DeepSeek reveals new AI reasoning technique amid next-gen model anticipation
What's the story
Chinese AI start-up, DeepSeek, has unveiled a novel way to improve the reasoning capabilities of large language models (LLMs). The announcement comes ahead of the debut of the company's next-generation model.
The novel technique, developed with Tsinghua University researchers, combines generative reward modeling (GRM) with self-principled critique tuning.
According to a paper published on Friday, the dual approach seeks to make LLMs respond to general queries better and faster.
Performance
DeepSeek-GRM models outperform existing methods
The newly developed DeepSeek-GRM models have achieved competitive performance compared to existing methods.
The researchers said that these models have "achieved competitive performance" with robust public reward models.

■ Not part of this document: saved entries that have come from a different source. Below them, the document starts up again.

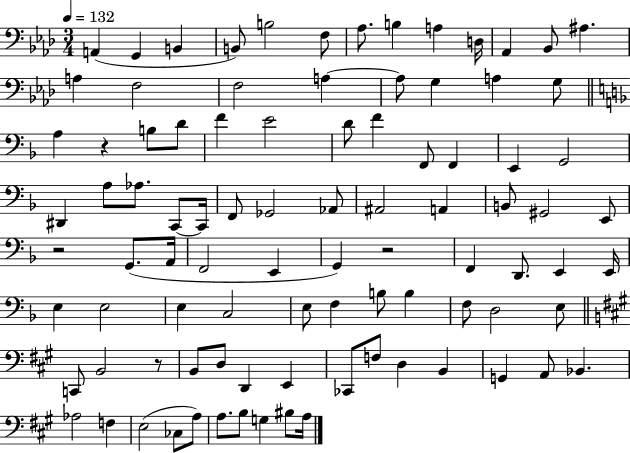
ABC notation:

X:1
T:Untitled
M:3/4
L:1/4
K:Ab
A,, G,, B,, B,,/2 B,2 F,/2 _A,/2 B, A, D,/4 _A,, _B,,/2 ^A, A, F,2 F,2 A, A,/2 G, A, G,/2 A, z B,/2 D/2 F E2 D/2 F F,,/2 F,, E,, G,,2 ^D,, A,/2 _A,/2 C,,/2 C,,/4 F,,/2 _G,,2 _A,,/2 ^A,,2 A,, B,,/2 ^G,,2 E,,/2 z2 G,,/2 A,,/4 F,,2 E,, G,, z2 F,, D,,/2 E,, E,,/4 E, E,2 E, C,2 E,/2 F, B,/2 B, F,/2 D,2 E,/2 C,,/2 B,,2 z/2 B,,/2 D,/2 D,, E,, _C,,/2 F,/2 D, B,, G,, A,,/2 _B,, _A,2 F, E,2 _C,/2 A,/2 A,/2 B,/2 G, ^B,/2 A,/4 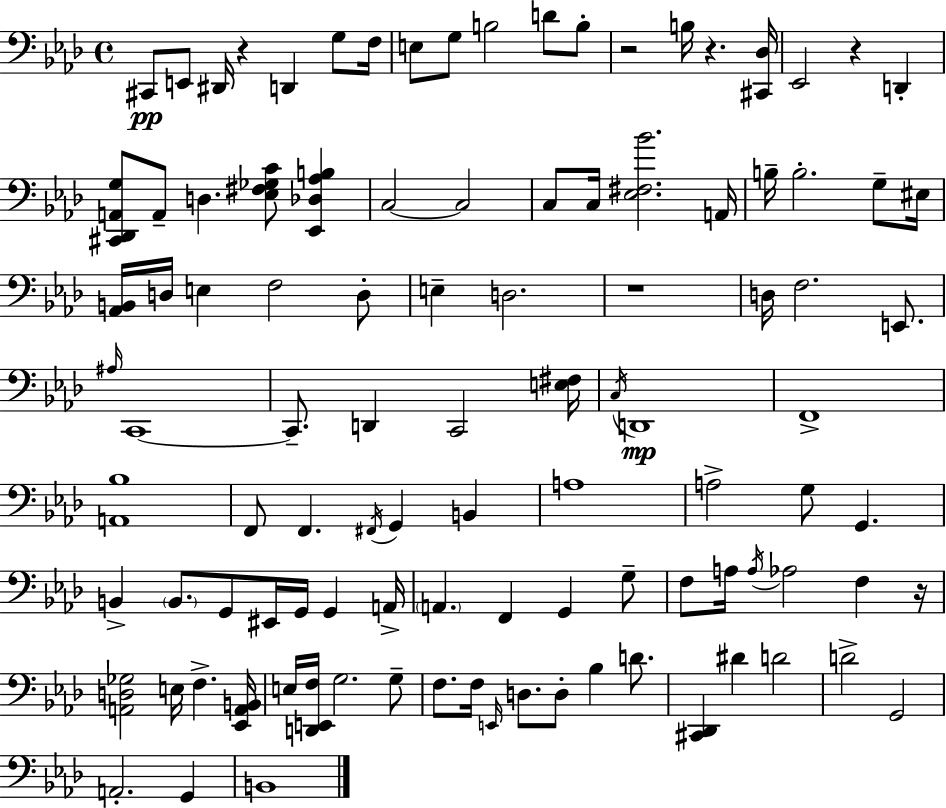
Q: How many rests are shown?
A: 6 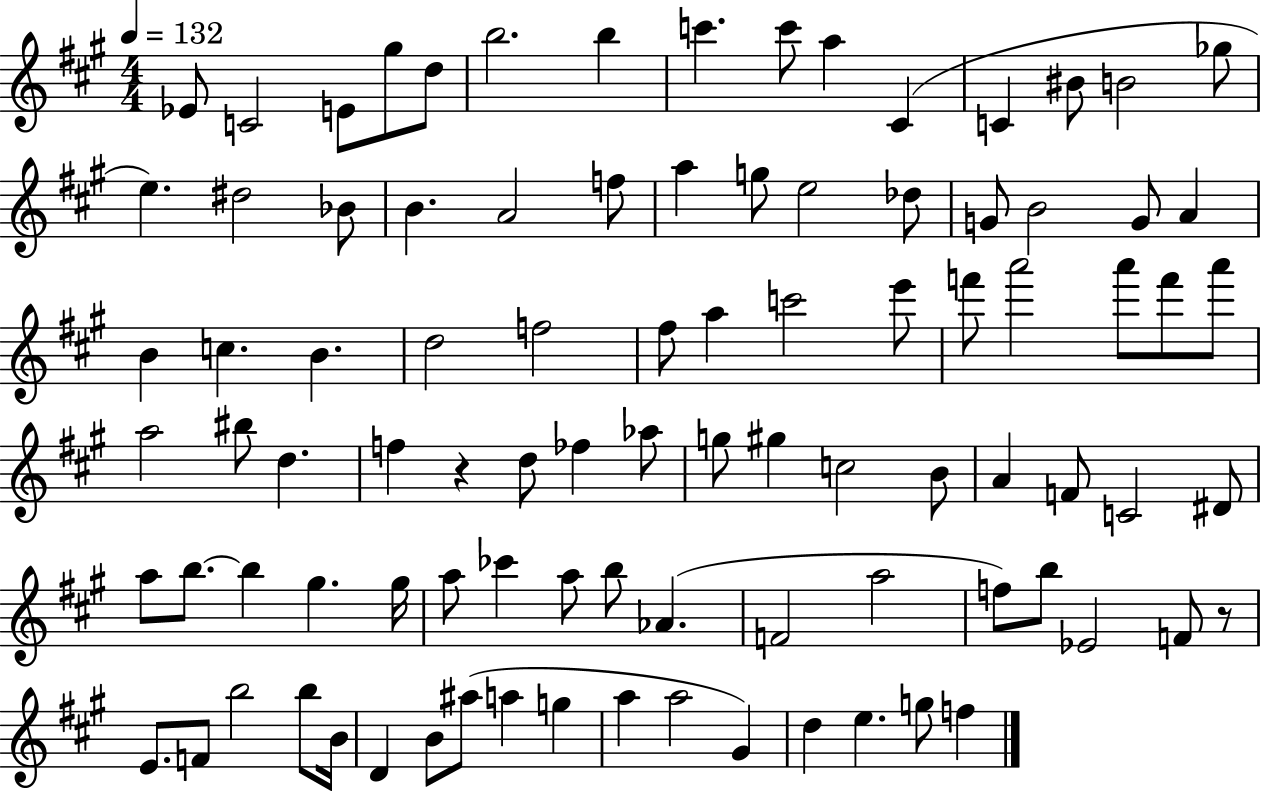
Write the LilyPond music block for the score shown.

{
  \clef treble
  \numericTimeSignature
  \time 4/4
  \key a \major
  \tempo 4 = 132
  \repeat volta 2 { ees'8 c'2 e'8 gis''8 d''8 | b''2. b''4 | c'''4. c'''8 a''4 cis'4( | c'4 bis'8 b'2 ges''8 | \break e''4.) dis''2 bes'8 | b'4. a'2 f''8 | a''4 g''8 e''2 des''8 | g'8 b'2 g'8 a'4 | \break b'4 c''4. b'4. | d''2 f''2 | fis''8 a''4 c'''2 e'''8 | f'''8 a'''2 a'''8 f'''8 a'''8 | \break a''2 bis''8 d''4. | f''4 r4 d''8 fes''4 aes''8 | g''8 gis''4 c''2 b'8 | a'4 f'8 c'2 dis'8 | \break a''8 b''8.~~ b''4 gis''4. gis''16 | a''8 ces'''4 a''8 b''8 aes'4.( | f'2 a''2 | f''8) b''8 ees'2 f'8 r8 | \break e'8. f'8 b''2 b''8 b'16 | d'4 b'8 ais''8( a''4 g''4 | a''4 a''2 gis'4) | d''4 e''4. g''8 f''4 | \break } \bar "|."
}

Reward modeling is a technique that guides an LLM toward human preferences, and its successful application in the DeepSeek-GRM models contributes to improved AI reasoning capabilities.
Open-source
Plans to make GRM models open source
DeepSeek has said that it plans to open source the GRM models, but there is no timeline yet.
The announcement was made in an academic paper released on arXiv, an online scientific paper repository.
The release of this research comes amid speculation of DeepSeek's next move after the global attention its V3 foundation model and R1 reasoning model received.
Anticipation
DeepSeek-R2 release anticipated
According to Reuters, DeepSeek-R2, the successor of the R1 model, could be released as early as this month.
The speculation comes as the company looks to capitalize on its growing reputation in the tech industry.
The launch of DeepSeek-R1 generated a lot of interest with its cost-effective performance matching leading models.
However, DeepSeek has neither confirmed nor denied these reports of an R2 release.